GOAL OF THE EXERCISE: Would you please retype, exactly, the lines of the listing below between the line with "Kamera IP PTZ" and the line with "Tapered Shade Wall", inclusive?

────────────────────────────────────────

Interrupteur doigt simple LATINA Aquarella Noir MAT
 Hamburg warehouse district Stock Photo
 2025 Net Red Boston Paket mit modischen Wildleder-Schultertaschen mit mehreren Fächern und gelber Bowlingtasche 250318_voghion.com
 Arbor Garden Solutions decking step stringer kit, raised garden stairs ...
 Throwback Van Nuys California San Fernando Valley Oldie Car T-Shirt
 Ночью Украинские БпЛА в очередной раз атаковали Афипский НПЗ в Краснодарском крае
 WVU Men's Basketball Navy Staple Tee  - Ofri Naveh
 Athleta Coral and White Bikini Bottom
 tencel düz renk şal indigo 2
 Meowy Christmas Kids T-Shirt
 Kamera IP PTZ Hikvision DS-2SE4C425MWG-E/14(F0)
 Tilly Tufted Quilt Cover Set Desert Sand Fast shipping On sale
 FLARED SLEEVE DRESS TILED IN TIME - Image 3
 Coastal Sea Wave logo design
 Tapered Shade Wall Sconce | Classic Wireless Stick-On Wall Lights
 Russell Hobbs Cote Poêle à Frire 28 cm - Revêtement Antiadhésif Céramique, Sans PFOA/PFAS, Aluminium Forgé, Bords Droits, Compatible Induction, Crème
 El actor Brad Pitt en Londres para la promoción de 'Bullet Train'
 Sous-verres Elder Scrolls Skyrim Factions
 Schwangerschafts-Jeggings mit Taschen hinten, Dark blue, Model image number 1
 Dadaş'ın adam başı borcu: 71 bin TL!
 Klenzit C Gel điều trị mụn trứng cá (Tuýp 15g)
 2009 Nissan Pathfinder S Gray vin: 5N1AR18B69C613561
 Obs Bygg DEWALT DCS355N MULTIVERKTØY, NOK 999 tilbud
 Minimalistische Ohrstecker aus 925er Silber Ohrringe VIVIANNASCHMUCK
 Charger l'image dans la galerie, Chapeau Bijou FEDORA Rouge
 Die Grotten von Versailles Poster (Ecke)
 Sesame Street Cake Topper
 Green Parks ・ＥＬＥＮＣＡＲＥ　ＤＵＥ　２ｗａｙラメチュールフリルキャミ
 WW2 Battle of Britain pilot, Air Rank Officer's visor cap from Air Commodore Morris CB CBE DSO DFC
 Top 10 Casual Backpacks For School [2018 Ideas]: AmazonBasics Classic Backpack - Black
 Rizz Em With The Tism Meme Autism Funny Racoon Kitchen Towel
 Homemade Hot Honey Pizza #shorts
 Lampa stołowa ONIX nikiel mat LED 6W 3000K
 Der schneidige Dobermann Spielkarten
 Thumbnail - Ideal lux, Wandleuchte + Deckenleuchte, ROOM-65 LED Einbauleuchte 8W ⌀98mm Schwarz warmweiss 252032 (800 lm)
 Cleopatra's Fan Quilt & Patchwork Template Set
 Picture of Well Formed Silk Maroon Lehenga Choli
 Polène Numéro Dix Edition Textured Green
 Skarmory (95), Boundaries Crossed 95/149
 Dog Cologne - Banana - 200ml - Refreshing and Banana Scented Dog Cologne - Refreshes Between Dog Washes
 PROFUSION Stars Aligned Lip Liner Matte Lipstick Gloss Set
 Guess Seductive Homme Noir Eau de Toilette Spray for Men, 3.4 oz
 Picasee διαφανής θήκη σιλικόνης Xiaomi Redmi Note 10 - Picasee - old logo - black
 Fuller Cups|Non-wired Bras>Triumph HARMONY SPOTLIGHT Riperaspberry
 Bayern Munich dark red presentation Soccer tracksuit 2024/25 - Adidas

────────────────────────────────────────

ANSWER SECTION:
 Kamera IP PTZ Hikvision DS-2SE4C425MWG-E/14(F0)
 Tilly Tufted Quilt Cover Set Desert Sand Fast shipping On sale
 FLARED SLEEVE DRESS TILED IN TIME - Image 3
 Coastal Sea Wave logo design
 Tapered Shade Wall Sconce | Classic Wireless Stick-On Wall Lights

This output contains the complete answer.